Finn se volteó y la chica de cabellos verdes pudo ver a Fern parado cerca de ellos con los brazos cruzados. El adolescente sintió que el color rosa aparecía en sus frías mejillas, la chica por otro lado volvió a esconder su rostro bajo la capucha de su chaqueta azul eléctrico y desvió la mirada hacia el césped, se levantó del trampolín buscando sus zapatos, ya no recordaba donde los había dejado.
-¿Qué pasa? ¿acaso interrumpí algo?-preguntó Fern aún con los brazos cruzados.
-N-No… para nada, además ¿qué estás haciendo aquí? ¿me estabas siguiendo o qué?-preguntó Finn levantándose del trampolín para encarar a Fern.
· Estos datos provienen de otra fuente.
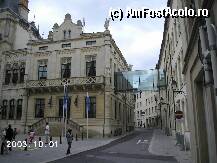 [P05] Sediul Camerei Deputaţilor (în dreapta) este legat printr-o pasarelă de Palais grand-ducal (în stânga) » foto by Costi
 - 
<span class="allrVoted glyphicon glyphicon-heart hidden" id="av25951"></span>
<a class="m-l-10 hidden" id="sv25951" onclick="voting_Foto_DelVot(,25951,3489)" role="button">șterge vot <span class="glyphicon glyphicon-remove"></span></a>
<a id="v925951" class=" c-red"  onclick="voting_Foto_SetVot(25951)" role="button"><span class="glyphicon glyphicon-heart-empty"></span> <b>LIKE</b> = Votează poza</a> <img class="hidden"  id="f25951W9" src="/imagini/loader.gif" border="0" /><span class="AjErrMes hidden" id="e25951ErM"></span>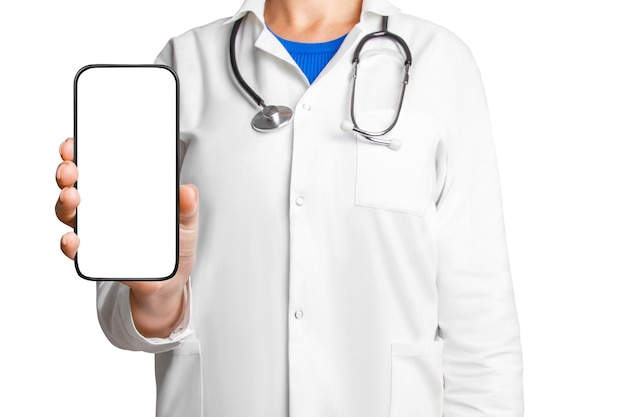 Médico segurando um smartphone com uma tela em branco em um fundo vazio para projetos de aplicativos médicos, marketing de saúde e apresentações digitais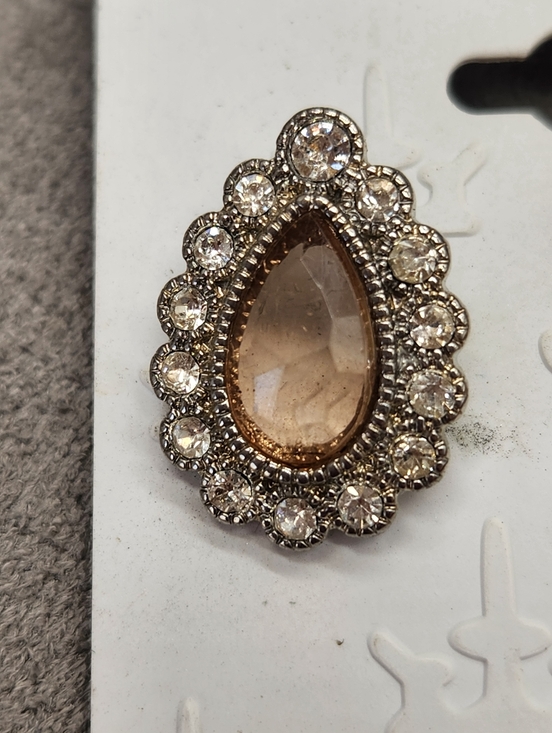 Trifari Earrings Brown Bronze Teardrop New - Picture 4 of 5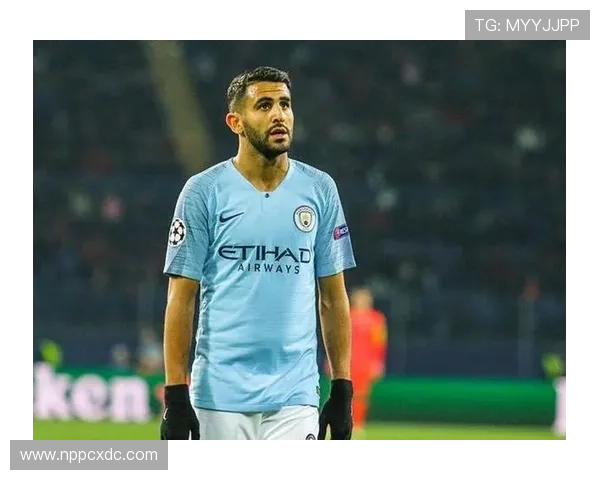 马赫雷斯在赛场上灵活发挥，重新定义边锋角色的表现备受关注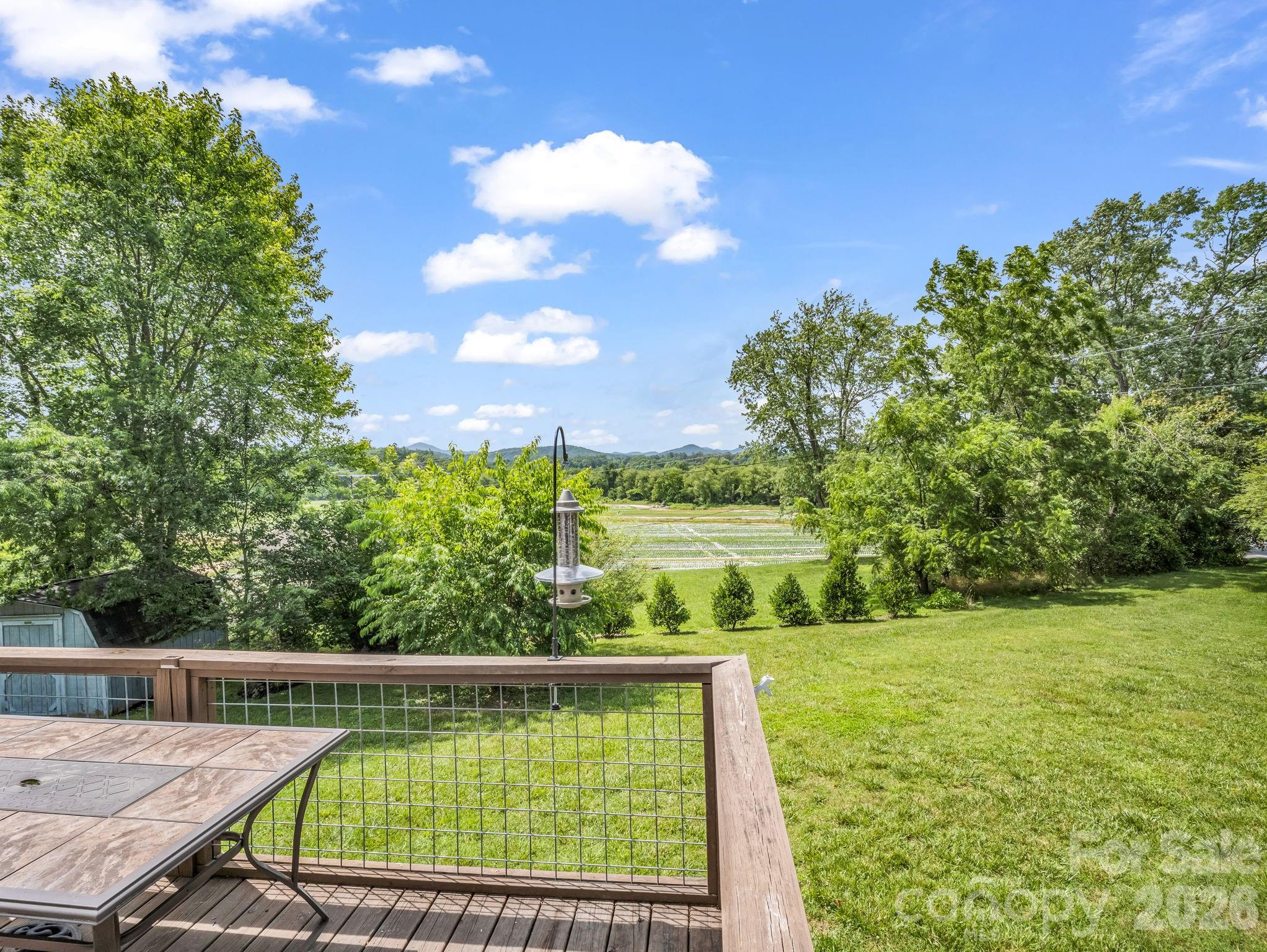 210 Banner Farm Road — Mills River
-No te estaba siguiendo, más bien tú me estabas siguiendo a mí porque no esperaba verte en este lugar-le dijo Fern. La chica de cabellos verdes ya a había encontrado sus zapatos, supuso que lo mejor sería irse antes de que esos chicos comenzaran a pelearse entre ellos, no quería causar más problemas, comenzó a caminar rápidamente para volver a la casa y empujo por accidente a Fern-¡TEN CUIDADO, TORPE!-
-Lo siento-se disculpó ella, estaba a punto de irse pero Finn la detuvo tomándola de la muñeca-¿qué quieres?-
-Espera, no te vayas. No terminaste de decirme mi futuro-dijo Finn-¿qué pasará conmigo? tienes que terminar de decírmelo-
-Terminare de decirte todo en otra ocasión, de verdad tengo que irme-le dijo la chica zafándose del agarre que puso Finn en su muñeca, apenas hizo eso se escucho un grito y alguien se asomó a la puerta trasera de la casa respirando entrecortadamente viendo a Fern, a Finn y a la chica de cabellos verdes con una expresión de shock en su rostro.
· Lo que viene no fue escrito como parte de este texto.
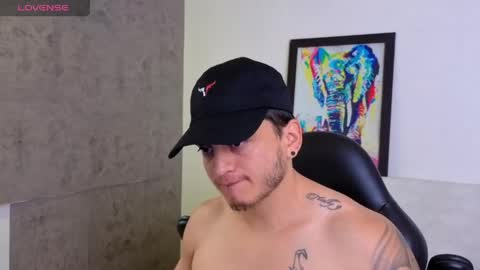 Snapshot of mikke_love chatting on May 30, 1:19 pm MIKKE online show from May 30, 1:19 pm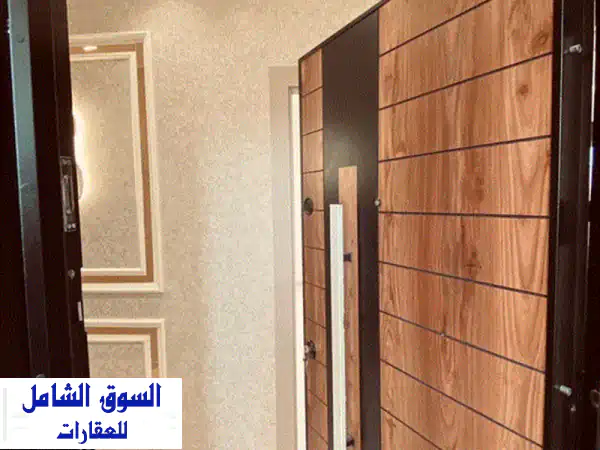 شقة (طابقية) طابق أول مطلة تلاع العلي خلف أسواق السلطان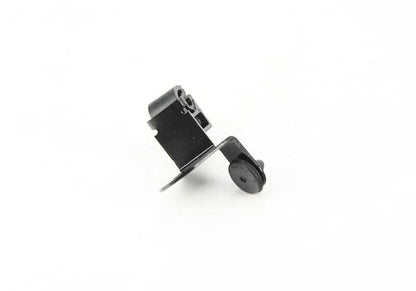 Soporte cable acelerador OEM 65718367173 para BMW E38. Original BMW.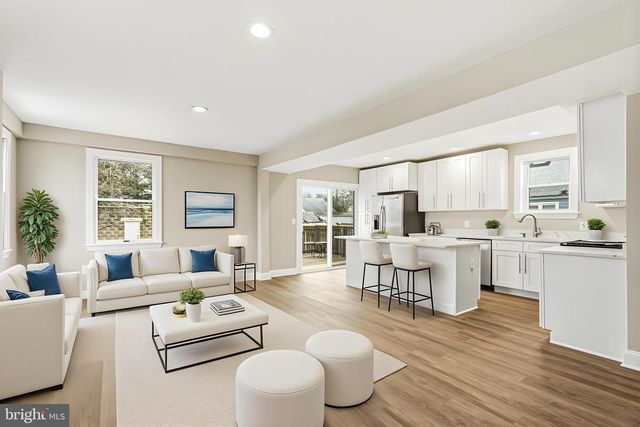 8000 OAKLEIGH RD, Baltimore, MD 21234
-Chicos, lamento mucho molestarlos pero necesito ayuda… ¿alguno de ustedes tiene un auto o una camioneta? Es que una chica no se encuentra bien, no sabemos que le pasó pero se desmayó en la sala de estar y supongo que está muerta, no estoy muy seguro de ello porque intentamos despertarla y no reaccionó, como sea, necesito que alguno de ustedes la lleve al hospital, quiero estar seguro de que no le pasó nada grave.